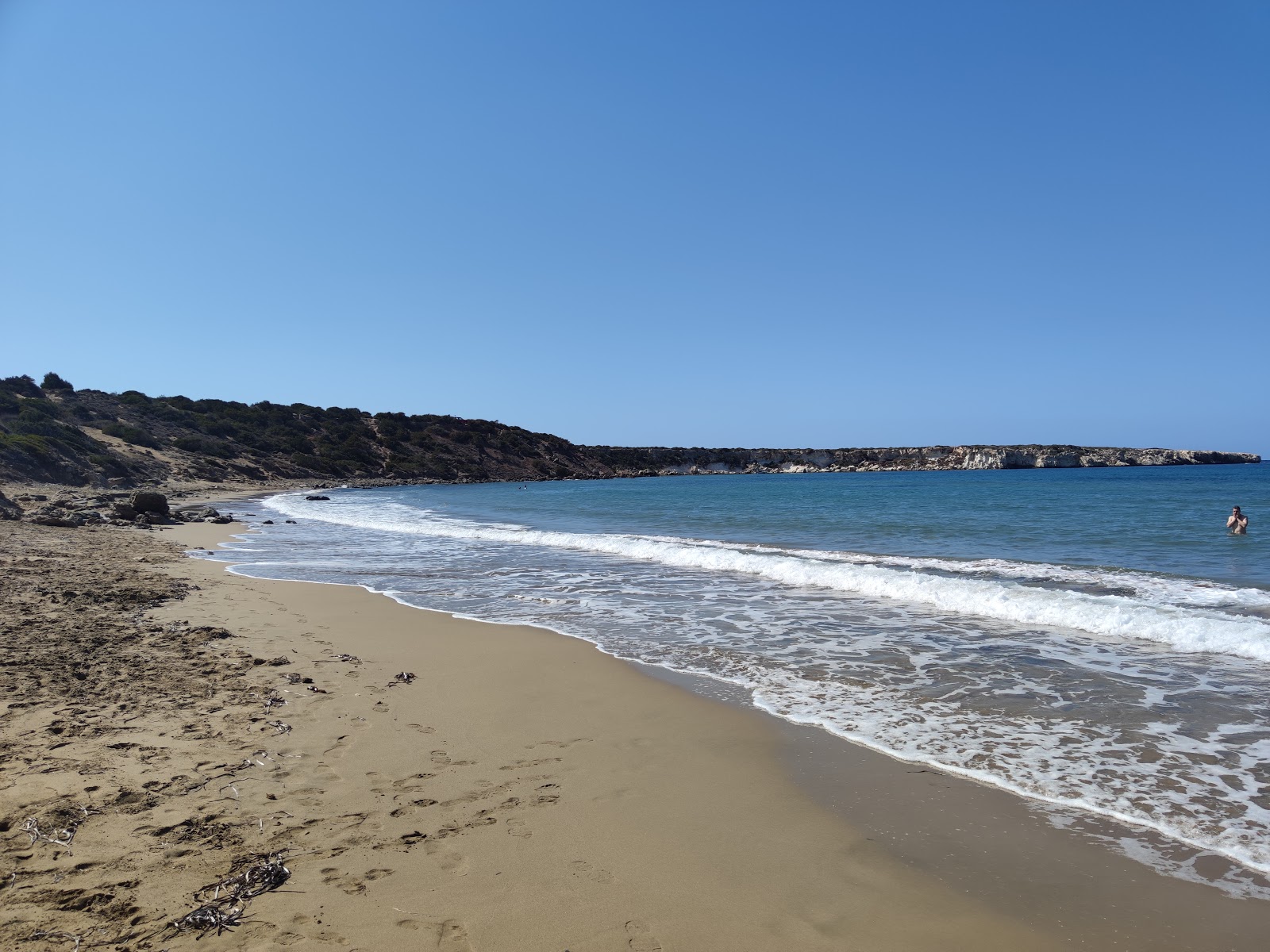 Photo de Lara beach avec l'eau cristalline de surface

--

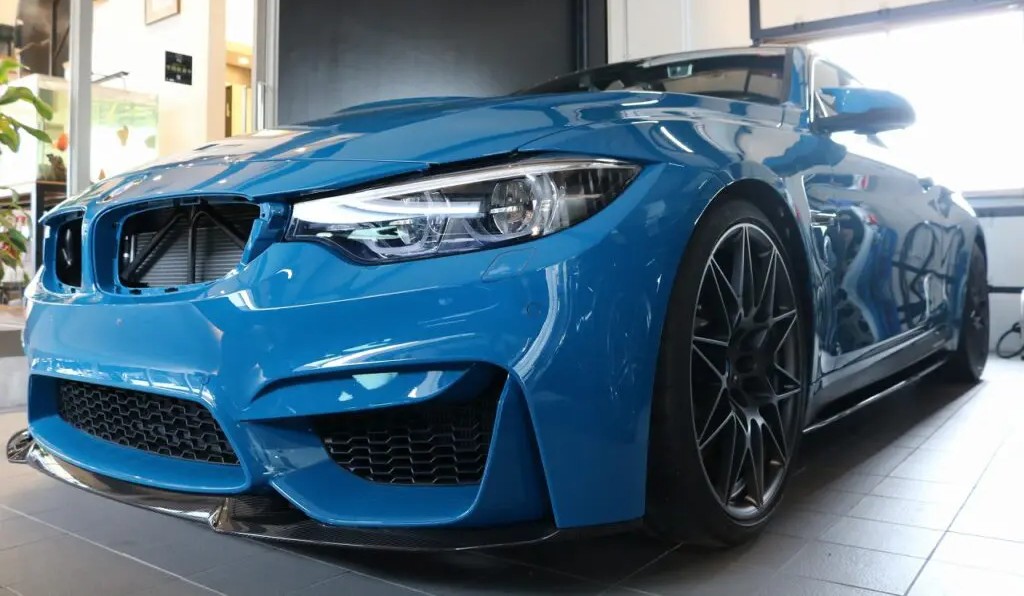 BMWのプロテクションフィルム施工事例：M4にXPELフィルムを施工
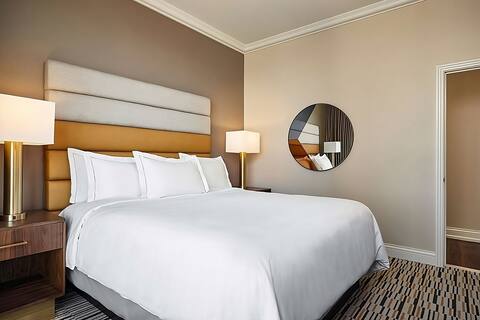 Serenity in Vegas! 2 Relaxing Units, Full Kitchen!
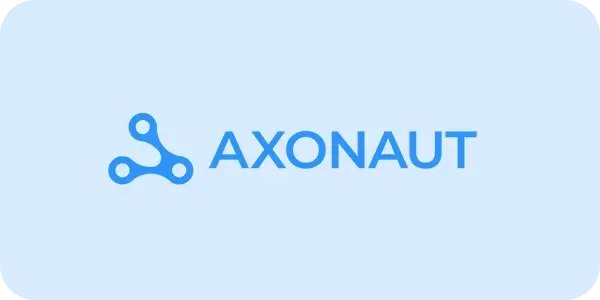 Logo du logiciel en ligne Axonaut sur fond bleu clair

## WORK INSTRUCTION
Give again, exactly as written above, every line from the one holding "BMWのプロテクションフィルム施工事例：M4にXPELフィルムを施工" to the one holding "Logo du logiciel", with both ends kept and the pictures left out.

## WRITTEN REPLY
 BMWのプロテクションフィルム施工事例：M4にXPELフィルムを施工
 Serenity in Vegas! 2 Relaxing Units, Full Kitchen!
 Logo du logiciel en ligne Axonaut sur fond bleu clair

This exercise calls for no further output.